___ Record set

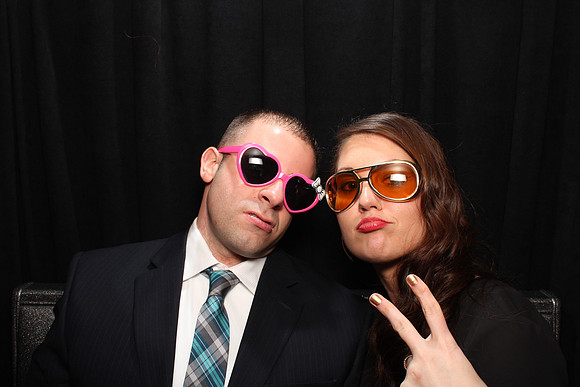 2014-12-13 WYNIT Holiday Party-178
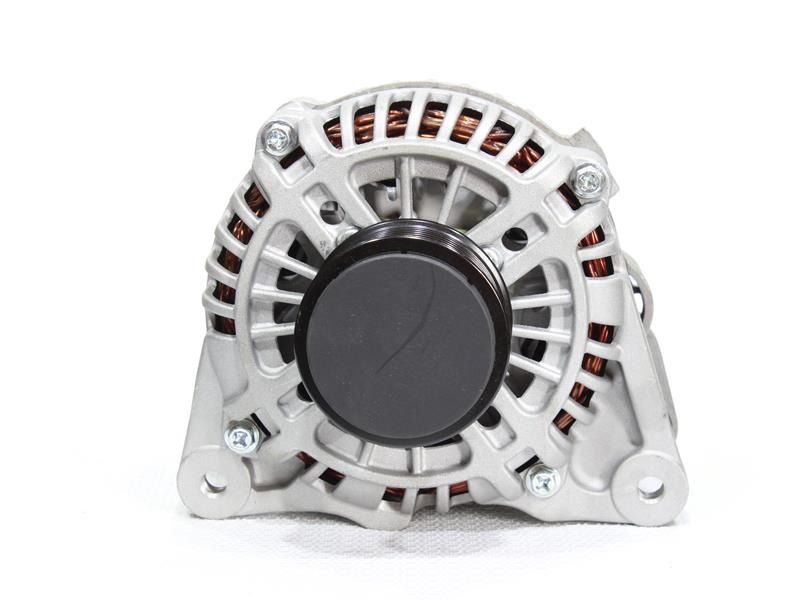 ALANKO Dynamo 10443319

______
___ Record set

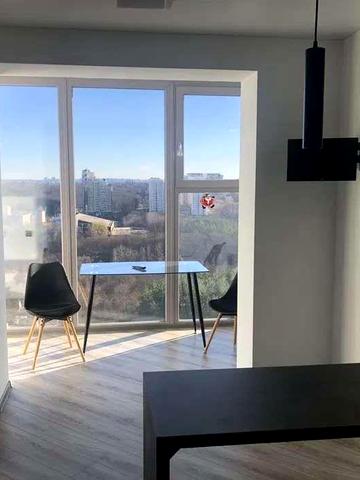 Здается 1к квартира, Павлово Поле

______
___ Record set

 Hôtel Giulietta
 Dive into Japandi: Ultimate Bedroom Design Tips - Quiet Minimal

______

- What you will do -
Copy only this part of the entries above: the line with "Hôtel Giulietta", the line with "Dive into Japandi: Ultimate", and the lines between, all exactly as written.

- Answer space -
 Hôtel Giulietta
 Dive into Japandi: Ultimate Bedroom Design Tips - Quiet Minimal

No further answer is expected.